Could you set down only the lines from the one including "Футболка жіноча трикотаж" to the end of the records below, inclusive and exact, leaving pictures out?

::::::::::

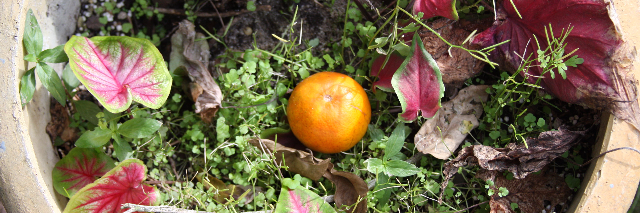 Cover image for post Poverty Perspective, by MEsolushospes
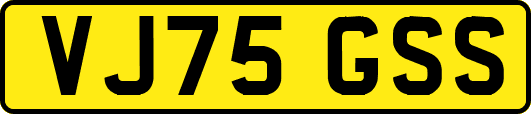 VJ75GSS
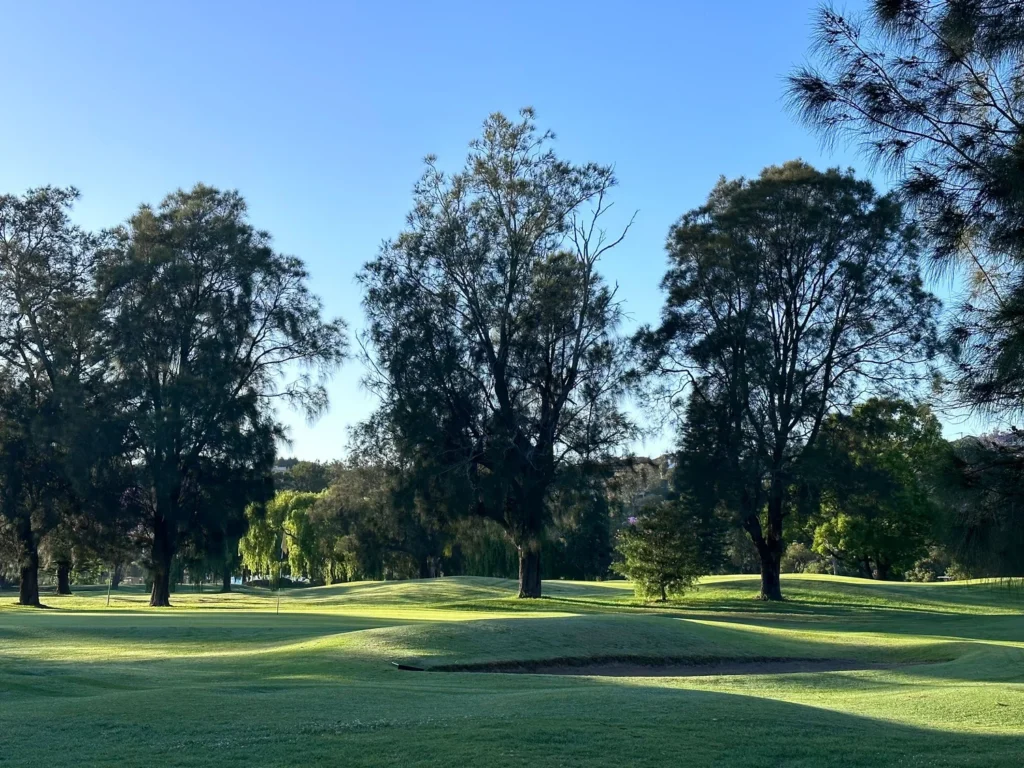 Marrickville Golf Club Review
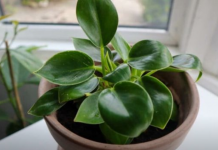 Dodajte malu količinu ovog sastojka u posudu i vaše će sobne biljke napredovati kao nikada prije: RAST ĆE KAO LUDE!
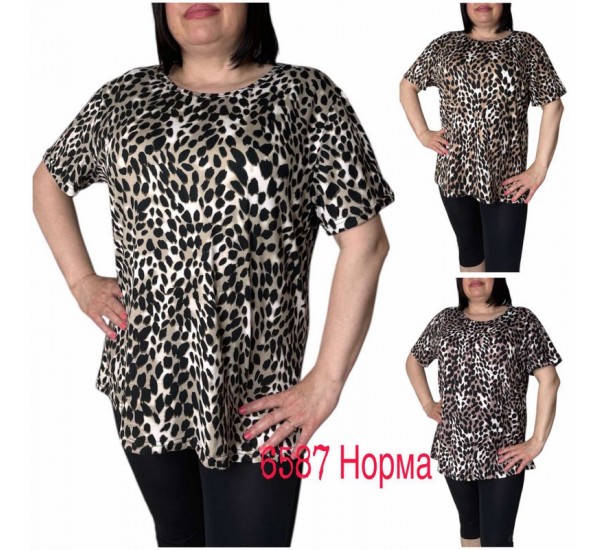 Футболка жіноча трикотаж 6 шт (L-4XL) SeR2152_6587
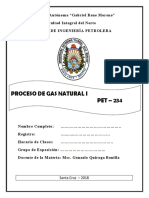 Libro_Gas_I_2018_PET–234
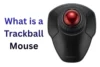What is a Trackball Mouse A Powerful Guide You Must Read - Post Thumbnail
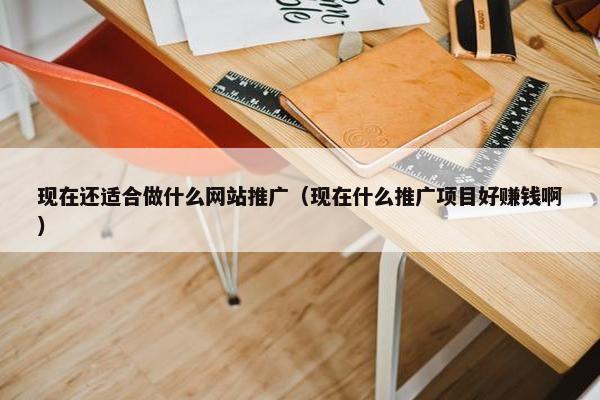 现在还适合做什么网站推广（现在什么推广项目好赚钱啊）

::::::::::

(Answer area)
 Футболка жіноча трикотаж 6 шт (L-4XL) SeR2152_6587
 Libro_Gas_I_2018_PET–234
What is a Trackball Mouse A Powerful Guide You Must Read - Post Thumbnail
 现在还适合做什么网站推广（现在什么推广项目好赚钱啊）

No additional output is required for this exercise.